Microsoft Phone Software Gets Lift Focus on E-Mail Users Helps Company Against Bigger Rivals
Posted on: Monday, 13 February 2006, 12:00 CST
By Victoria Shannon
Three years after entering the arena for mobile phone software, Microsoft executives say they have overcome early challenges and are reaching cruising speed in the business.
As one measure of that, Steve Ballmer, chief executive of Microsoft, will for the first time give a keynote speech here this week at 3GSM World Congress, an annual cellphone conference that is expected to draw more than 50,000 people this year.
Other measures are more material: Microsoft phone software is in handheld wireless devices made by 47 manufacturers and sold by more than 100 mobile carriers in 55 countries. In its most recent quarter, Microsoft said, its wireless division showed a 70 percent increase in licensing and its first profit.
On Monday, Microsoft is expected to announce that a fresh wave of European carriers including Vodafone, the largest have licensed its mobile e-mail software, one of the fastest-growing and most competitive areas of the cellphone world today. The U.S. operators Cingular, Sprint and Verizon also are signing on, as is Chunghwa of Taiwan.
Hewlett-Packard is also expected to introduce the third in its Mobile Messenger series of phones, the iPaq HW6900, which will be based on Microsoft software and come packed with five different wireless technologies, including Wi-Fi to link into short-range newtworks.

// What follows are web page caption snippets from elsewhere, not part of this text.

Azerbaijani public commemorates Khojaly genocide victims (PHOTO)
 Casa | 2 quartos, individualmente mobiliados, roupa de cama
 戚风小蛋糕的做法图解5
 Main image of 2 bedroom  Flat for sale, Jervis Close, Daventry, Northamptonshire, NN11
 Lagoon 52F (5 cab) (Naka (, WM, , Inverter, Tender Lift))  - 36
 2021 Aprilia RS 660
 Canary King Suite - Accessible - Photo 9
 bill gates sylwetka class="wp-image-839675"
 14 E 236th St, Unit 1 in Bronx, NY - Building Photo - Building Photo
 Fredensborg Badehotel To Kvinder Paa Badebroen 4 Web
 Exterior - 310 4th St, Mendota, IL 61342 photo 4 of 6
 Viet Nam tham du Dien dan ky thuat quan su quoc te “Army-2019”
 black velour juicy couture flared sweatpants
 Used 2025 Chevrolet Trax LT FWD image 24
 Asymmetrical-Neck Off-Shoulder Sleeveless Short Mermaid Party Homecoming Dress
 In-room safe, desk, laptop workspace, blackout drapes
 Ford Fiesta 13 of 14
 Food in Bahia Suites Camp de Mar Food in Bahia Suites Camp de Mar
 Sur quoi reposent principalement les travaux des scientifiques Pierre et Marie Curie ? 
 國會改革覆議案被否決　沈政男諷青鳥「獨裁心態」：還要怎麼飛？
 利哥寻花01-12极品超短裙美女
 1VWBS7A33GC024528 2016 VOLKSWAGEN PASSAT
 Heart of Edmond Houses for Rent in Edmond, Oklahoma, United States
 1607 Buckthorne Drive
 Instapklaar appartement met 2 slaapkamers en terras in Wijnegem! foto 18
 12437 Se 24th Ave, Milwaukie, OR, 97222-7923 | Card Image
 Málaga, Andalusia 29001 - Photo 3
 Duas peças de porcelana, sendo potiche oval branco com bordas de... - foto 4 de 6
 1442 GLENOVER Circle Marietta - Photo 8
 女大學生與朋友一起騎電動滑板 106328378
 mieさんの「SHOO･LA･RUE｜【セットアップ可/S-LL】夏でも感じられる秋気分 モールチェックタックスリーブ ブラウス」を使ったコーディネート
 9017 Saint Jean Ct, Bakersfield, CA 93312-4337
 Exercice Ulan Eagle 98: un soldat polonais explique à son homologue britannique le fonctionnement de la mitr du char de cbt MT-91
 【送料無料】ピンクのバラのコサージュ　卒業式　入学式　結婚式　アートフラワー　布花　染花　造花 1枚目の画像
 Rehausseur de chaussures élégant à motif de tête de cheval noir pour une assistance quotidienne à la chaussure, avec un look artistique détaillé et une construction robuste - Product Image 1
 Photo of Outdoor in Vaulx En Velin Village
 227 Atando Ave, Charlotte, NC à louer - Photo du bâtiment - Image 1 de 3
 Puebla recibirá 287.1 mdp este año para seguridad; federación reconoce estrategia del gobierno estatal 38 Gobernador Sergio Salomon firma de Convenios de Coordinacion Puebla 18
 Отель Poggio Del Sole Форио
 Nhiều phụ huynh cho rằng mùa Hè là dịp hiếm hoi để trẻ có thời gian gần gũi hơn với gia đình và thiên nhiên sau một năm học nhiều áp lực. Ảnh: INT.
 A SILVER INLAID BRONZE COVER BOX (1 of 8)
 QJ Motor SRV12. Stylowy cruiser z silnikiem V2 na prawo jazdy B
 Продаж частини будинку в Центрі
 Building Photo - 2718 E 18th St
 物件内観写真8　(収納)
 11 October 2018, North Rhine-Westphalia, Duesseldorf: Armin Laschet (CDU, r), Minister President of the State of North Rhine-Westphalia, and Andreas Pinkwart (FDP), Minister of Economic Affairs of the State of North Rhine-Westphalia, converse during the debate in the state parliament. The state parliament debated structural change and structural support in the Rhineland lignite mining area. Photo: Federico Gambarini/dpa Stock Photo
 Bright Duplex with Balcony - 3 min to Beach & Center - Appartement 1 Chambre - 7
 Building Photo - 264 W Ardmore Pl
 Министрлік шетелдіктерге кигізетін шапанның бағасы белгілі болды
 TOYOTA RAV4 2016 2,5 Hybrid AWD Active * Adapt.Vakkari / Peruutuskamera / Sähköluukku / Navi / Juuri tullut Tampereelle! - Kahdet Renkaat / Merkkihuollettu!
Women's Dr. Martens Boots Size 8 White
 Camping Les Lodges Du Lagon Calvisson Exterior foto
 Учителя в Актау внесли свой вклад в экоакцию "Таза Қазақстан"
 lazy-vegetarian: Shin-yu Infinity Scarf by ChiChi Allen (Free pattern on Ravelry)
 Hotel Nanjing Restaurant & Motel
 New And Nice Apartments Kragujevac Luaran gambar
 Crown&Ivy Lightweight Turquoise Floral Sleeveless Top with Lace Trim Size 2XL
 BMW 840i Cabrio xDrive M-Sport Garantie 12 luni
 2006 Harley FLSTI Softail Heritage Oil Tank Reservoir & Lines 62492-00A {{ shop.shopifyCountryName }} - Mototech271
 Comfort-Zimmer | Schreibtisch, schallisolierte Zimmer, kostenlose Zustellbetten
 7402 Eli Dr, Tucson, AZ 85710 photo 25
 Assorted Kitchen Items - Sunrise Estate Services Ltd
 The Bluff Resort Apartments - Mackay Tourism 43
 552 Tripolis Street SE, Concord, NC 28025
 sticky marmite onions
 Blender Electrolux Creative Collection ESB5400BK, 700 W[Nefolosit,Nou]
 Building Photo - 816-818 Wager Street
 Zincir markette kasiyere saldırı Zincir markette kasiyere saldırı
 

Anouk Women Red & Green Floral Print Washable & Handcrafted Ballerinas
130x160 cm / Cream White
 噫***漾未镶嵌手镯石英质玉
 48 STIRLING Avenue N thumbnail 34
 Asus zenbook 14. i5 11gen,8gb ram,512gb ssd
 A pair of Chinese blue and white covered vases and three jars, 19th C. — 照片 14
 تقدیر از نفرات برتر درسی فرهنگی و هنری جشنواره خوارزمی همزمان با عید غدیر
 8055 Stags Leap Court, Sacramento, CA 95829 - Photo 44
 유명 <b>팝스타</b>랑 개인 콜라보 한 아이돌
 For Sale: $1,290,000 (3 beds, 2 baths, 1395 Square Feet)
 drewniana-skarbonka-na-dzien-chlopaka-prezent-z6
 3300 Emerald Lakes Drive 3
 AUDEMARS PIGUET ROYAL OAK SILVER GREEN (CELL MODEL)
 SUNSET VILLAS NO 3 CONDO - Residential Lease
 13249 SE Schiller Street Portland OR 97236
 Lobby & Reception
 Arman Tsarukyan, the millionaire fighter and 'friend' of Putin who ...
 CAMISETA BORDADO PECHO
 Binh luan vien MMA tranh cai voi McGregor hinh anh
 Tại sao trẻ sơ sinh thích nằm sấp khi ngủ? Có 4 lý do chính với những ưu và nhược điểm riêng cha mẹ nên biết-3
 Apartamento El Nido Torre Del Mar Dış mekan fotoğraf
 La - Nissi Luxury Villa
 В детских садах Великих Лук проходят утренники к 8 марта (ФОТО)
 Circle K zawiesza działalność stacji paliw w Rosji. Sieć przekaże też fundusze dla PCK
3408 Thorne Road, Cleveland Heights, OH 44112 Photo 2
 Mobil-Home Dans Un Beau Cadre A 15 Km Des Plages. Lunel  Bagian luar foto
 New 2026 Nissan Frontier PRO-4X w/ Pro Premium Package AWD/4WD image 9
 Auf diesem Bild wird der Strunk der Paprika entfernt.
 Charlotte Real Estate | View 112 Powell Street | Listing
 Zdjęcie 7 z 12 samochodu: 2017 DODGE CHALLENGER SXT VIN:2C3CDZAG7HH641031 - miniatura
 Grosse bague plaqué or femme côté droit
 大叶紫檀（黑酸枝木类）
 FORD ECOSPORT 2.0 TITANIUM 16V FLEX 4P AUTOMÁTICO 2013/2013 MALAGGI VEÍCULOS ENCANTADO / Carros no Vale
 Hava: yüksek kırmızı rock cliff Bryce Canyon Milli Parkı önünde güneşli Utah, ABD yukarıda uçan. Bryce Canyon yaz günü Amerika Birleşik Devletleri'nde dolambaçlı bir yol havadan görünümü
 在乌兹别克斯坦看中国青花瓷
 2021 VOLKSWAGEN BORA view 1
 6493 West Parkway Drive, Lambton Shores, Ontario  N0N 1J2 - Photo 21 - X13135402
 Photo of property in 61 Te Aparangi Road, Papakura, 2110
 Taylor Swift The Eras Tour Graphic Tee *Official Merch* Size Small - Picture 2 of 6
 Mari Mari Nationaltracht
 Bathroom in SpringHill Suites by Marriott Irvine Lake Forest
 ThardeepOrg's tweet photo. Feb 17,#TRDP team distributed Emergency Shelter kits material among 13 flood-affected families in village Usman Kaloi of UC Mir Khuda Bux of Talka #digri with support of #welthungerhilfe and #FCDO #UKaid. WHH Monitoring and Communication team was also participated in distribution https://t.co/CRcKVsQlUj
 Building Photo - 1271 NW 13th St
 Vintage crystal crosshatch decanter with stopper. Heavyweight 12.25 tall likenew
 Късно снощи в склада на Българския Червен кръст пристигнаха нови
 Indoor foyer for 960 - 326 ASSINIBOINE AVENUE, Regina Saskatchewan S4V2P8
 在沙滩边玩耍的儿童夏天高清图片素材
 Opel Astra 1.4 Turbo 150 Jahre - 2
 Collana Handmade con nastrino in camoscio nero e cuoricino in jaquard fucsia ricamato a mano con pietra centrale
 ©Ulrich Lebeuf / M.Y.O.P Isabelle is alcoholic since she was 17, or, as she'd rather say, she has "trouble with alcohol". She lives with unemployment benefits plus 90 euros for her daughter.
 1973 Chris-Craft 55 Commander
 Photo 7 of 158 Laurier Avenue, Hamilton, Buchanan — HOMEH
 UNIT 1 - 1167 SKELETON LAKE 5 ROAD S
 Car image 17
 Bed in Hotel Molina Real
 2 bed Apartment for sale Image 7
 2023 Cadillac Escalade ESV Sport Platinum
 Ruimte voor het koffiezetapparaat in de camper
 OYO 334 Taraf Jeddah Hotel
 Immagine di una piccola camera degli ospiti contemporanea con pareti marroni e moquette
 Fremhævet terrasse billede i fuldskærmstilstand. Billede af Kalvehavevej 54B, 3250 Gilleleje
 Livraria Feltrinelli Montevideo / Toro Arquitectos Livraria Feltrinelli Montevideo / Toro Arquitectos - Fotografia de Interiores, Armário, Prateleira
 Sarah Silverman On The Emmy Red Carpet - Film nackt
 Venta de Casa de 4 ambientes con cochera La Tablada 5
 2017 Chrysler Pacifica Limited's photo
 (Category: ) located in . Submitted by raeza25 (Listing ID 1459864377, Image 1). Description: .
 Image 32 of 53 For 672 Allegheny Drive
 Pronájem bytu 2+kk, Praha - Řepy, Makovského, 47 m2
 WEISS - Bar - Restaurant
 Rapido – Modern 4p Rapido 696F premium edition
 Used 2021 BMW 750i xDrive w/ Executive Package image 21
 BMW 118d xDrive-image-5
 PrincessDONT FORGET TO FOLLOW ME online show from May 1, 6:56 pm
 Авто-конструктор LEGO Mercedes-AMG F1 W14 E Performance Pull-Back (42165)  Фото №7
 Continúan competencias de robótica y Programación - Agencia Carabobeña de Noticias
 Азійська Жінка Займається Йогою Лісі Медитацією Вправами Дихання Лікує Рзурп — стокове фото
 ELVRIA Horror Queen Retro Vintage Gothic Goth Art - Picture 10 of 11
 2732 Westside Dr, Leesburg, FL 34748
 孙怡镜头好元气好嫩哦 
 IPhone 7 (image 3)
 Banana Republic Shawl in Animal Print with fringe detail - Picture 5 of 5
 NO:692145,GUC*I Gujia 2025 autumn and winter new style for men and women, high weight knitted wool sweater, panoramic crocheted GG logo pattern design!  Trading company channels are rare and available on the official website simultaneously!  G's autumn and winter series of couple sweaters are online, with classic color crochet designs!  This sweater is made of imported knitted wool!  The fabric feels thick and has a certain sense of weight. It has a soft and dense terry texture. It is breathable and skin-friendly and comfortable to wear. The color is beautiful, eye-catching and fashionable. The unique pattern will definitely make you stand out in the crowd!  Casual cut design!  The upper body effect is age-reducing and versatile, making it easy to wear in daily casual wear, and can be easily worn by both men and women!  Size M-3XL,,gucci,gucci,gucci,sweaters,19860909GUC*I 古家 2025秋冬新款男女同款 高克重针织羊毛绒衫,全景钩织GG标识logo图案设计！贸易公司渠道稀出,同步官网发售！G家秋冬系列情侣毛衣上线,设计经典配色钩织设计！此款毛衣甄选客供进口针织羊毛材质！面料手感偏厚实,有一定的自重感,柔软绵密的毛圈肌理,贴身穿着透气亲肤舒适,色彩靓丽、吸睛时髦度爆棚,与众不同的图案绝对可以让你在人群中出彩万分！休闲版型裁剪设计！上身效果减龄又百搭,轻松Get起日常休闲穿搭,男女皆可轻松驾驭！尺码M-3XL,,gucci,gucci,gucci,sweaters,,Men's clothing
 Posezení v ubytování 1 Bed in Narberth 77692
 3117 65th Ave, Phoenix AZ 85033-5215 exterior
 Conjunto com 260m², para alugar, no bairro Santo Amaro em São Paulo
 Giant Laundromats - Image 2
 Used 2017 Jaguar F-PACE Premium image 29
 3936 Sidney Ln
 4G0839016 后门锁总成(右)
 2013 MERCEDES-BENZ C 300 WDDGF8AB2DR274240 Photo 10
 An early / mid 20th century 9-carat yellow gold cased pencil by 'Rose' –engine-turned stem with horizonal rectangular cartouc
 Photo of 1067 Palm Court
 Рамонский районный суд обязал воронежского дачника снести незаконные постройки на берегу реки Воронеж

But Microsoft is far from dominating the business, as it is used to doing in personal computer and office software. While its mobile operating system runs about five million of the world's high-end wireless phones, that is only about 4 percent of the market for so- called smartphones, according to market figures from the third quarter of last year. The British company Symbian still dominates, mostly on the strength of its software in consumer smartphones, which make up 80 percent of the market. "They need some heavy hitters on their side," Nick Jones, senior European analyst at Gartner, the technology consulting firm, said of Microsoft. "They are represented by a lot of manufacturers and carriers, but not in any particular volume."
Microsoft sees its mobile niche as the discrete segment of high- end portable gadgets that are both cellular phone and miniature office, with the ability to send and receive e-mail, access the Internet and edit business documents.
"You'll hear Steve talk about these 400 million Outlook and Office customers we have and we say, 'They all carry a phone, let's make that a Windows Mobile phone,'" said Scott Horn, general manager of Microsoft's mobile division. "That's the number we look at."
But Jones said smartphones are still stuck in a niche corporate market. "They have a good message for the corporate market," he said. "It's just that that's not most of the market."
Horn agreed that Microsoft could go further, saying: "We think there's a lot more to do, a lot more growth opportunity. But this is going to be a big, big business for the company. When you talk to Steve and Bill about it, they view this as a long-term business investment, like Xbox. The strategy bet we made a couple of years ago we're really executing on that."
At the 3GSM show, the first to be held outside of Cannes, which organizers said the industry had outgrown after 15 years, some of the limelight will be on phones as mobile multimedia gadgets. But the overall tone of the conference, Jones said, will be less flashy and centered on "solid business growth."